Map showing tectonics and regional geological setting of Pakistan including our study area (highlighted) situated in the Lower Indus Basin (Kazmi and Snee 1989)

Fig. 2
figure 2

Flowchart of methodology followed in this study

Fig. 3
figure 3

Base map of the Badin area with in-lines (gray) and cross-lines (green) including three wells (Well A, Well B and Well C)

Geological setting

The study area is located about 160 km East of Karachi in the Lower Indus Basin, between Latitude 24°5′N–25°25′N and longitude 68°21′E–69°20′E (Fig. 1; Kadri 1995; Alam et al. 2002; Ahmad et al. 2011; Munir et al. 2014). The evolution of the Lower Indus Basin began in the Cretaceous, when the tectonic activity occurred in the Indus Basin forming a rift zone (Farah et al. 1984). This rift zone exists near the Thar Platform in the form of Sargodha High dividing the Indus Basin into the Upper and the Lower Indus Basins (Kadri 1995). As a consequence of this rifting and doming, mainly horst and graben structures are present below the Paleogene unconformity including Cretaceous and older strata (Alam et al. 2002). The effect of rifting and doming on our study area (eastern side of Lower Indus Basin) is relatively small, as it lies away from the main deformational zone. The extensional deformational rate increases from east to west and a large area of the eastern Lower Indus Sub-Basin (Badin) is dominated by tilted normal faults (Farah et al. 1984; Kadri 1995). These faults can be seen and mapped on seismic data which have deformed the Cretaceous and older strata (Kadri 1995).

Stratigraphically, the Indus Basin ranges from Cambrian to Holocene in age with erosional and non-depositional intervals, while in study area it ranges from Jurassic to Paleogene as shown in Fig. 4 (Alam et al. 2002). The depositional environment of the Cretaceous Sembar and Goru Formations is shallow marine in nature (Iqbal and Shah 1980). These formations are deposited over the regional erosive surface of Chiltan limestone (Jurassic age) along passive continental margins (Iqbal and Shah 1980). The Sembar Formation is a clastic rock with a large quantity of shale and a minor amount of siltstone and sandstone while Goru formation is a mixture of interbedded shale and sandstone (Fig. 4; Iqbal and Shah 1980; Raza et al. 1990). The shelf to shallow-marine depositional environment persisted till Late Cretaceous time, represented by the carbonates of the Parh, Moghal Kot and Fort Munro Formations. The Pab Formation hosts regressive sand, thus representing a change to a nearshore environment (Wandrey et al. 2004).

Fig. 4
figure 4

Generalized stratigraphic chart of the study area (Alam et al. 2002; Abbasi et al. 2014, 2016)
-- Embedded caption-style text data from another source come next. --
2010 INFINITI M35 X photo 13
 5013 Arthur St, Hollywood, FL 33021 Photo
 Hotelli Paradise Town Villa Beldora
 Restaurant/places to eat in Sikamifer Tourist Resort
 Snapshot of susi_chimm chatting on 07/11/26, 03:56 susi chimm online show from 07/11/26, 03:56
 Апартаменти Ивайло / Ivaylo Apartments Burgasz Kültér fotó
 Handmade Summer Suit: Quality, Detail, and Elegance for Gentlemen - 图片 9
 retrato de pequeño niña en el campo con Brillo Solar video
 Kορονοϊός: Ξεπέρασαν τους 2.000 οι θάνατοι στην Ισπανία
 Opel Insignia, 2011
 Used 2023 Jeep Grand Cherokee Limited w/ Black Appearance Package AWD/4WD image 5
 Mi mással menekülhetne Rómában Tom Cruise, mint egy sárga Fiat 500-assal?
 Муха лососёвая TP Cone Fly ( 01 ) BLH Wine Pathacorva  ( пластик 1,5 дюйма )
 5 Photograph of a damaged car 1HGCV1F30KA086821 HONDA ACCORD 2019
The Sembar, Goru and Ranikot Formations are major potential conventional/unconventional sources of the Lower Indus Basin (Ahmad et al. 2011; Abbasi et al. 2014). The hydrocarbon potential of the Sembar Formation in the northern Kirther range is low but improves towards the south and southeast (Eckhoff and Alam 1991). Lithologic composition of the Sembar Formation is variable in different areas (Ahmad et al. 2011). The average composition includes Quartz 42%, Clay 47%, Calcite 10% and Pyrite 1% (Ahmad et al. 2011). The gas content is also variable in the basin with 1% < CO2 < 70%, 1% < N < 80% and 0.1% < H2S < 13%. The Sembar Formation extends towards the southern parts of Pakistan and into the offshore area (Eickhoff and Alam 1991; Shahzad et al. 2017). In the western side of the Lower Indus Basin, units of the same age (Kzhdumi, Garau and Gadvan Formations) continue into Iran in the Zagros fold-belt and the Persian Gulf Basin (Opera et al. 2013). These Formations possess potential source character in their respective basins within the context of unconventional resource exploitation (Opera et al. 2013). On the eastern side of the Lower Indus Basin, the Indian Rajasthan Basin comprises of lithological units, owing to the same depositional and tectonic history (Biswas 1987; Klett et al. 2011).

Data and approach

In this research, we have devised a methodology for TOC estimation in the Sembar Formation in Badin area, Lower Indus Basin, Pakistan using 3-D seismic data together with well log data of the three wells (A, B and C). The 3-D seismic cube is acquired and processed using bin size of 25 × 25 m2 and frequency range of 8–45 Hz, however this data can best resolve the target depth at frequency range of 10–35 Hz. The well data used, comprises of gamma ray (GR), spontaneous potential (SP), caliper (CALI), resistivity, density (RHOB), sonic (DT) and neutron porosity logs.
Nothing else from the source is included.